Overdracht van verzekeringsportefeuille onder Solvency II

Spotlight
15 maart 2016

Het wetsontwerp op het statuut van en het toezicht op de verzekerings- of herverzekeringsondernemingen, dat in de Kamer werd ingediend op 13 januari 2016 en goedgekeurd op 18 februari 2016, zorgt voor de omzetting naar Belgisch recht van richtlijn 2009/138/EG van 25 november 2009 betreffende de toegang tot en uitoefening van het verzekerings- en het herverzekeringsbedrijf, zoals gewijzigd (hierna "Solvency II").

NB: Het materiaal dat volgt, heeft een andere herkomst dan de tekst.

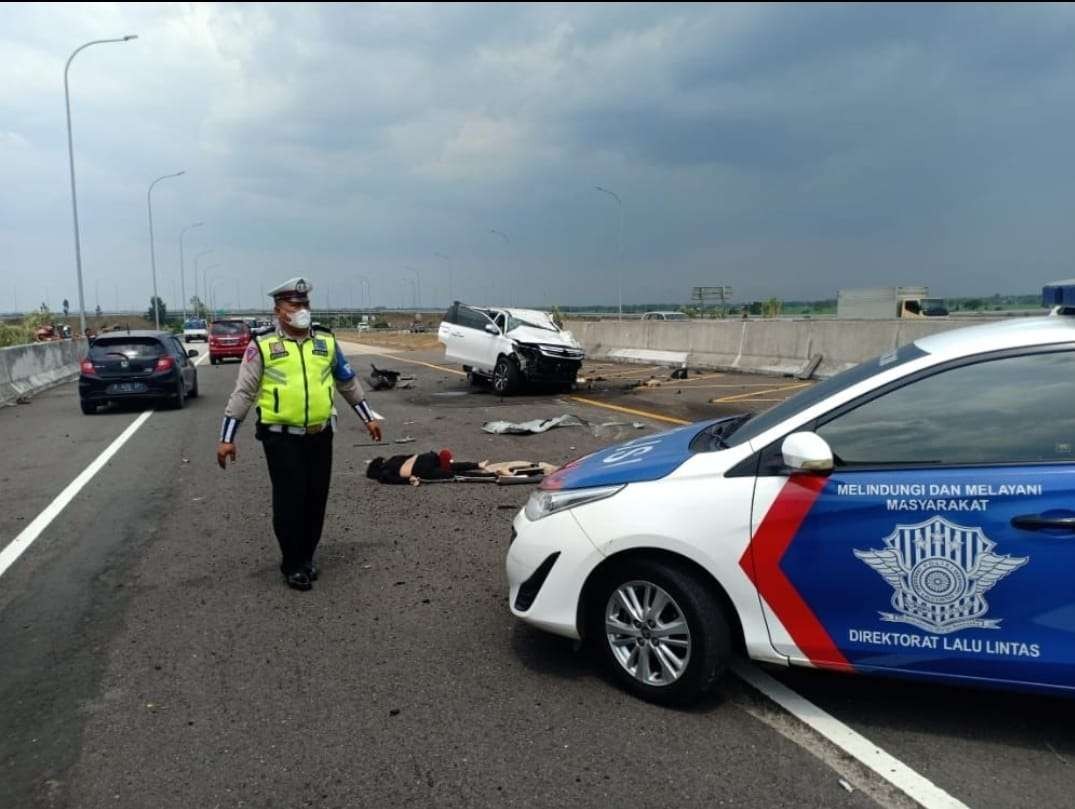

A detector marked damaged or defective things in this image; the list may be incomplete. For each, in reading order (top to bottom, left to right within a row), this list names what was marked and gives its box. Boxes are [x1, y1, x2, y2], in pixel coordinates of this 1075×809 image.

crashed white suv [440, 304, 584, 394]
severely damaged vehicle [438, 302, 588, 392]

De wet vereenvoudigt het controleregime voor de overdracht van een verzekeringsportefeuille tussen verzekeringsondernemingen in de Europese Unie: de goedkeuring door de bevoegde autoriteit van de lidstaat van herkomst van de vervreemder hangt af van het attest door de autoriteit van de lidstaat van de verkrijger en van de goedkeuring van de autoriteiten van de lidstaten waar de overeenkomsten werden gesloten, die moet tussenkomen binnen een termijn van drie maanden.

Achtergond

De verschillende richtlijnen die het controleregime van de verzekeringsondernemingen harmoniseerden, worden door Solvency II opgeheven en vervangen. Solvency II had op 1 januari 2016 omgezet moeten zijn.

Sommige regels van Solvency II werden al omgezet door de wet van 4 april 2014 betreffende de verzekeringen (bescherming van de consument) en door de wet houdende diverse bepalingen van 25 april 2015 (governance van verzekeringsondernemingen).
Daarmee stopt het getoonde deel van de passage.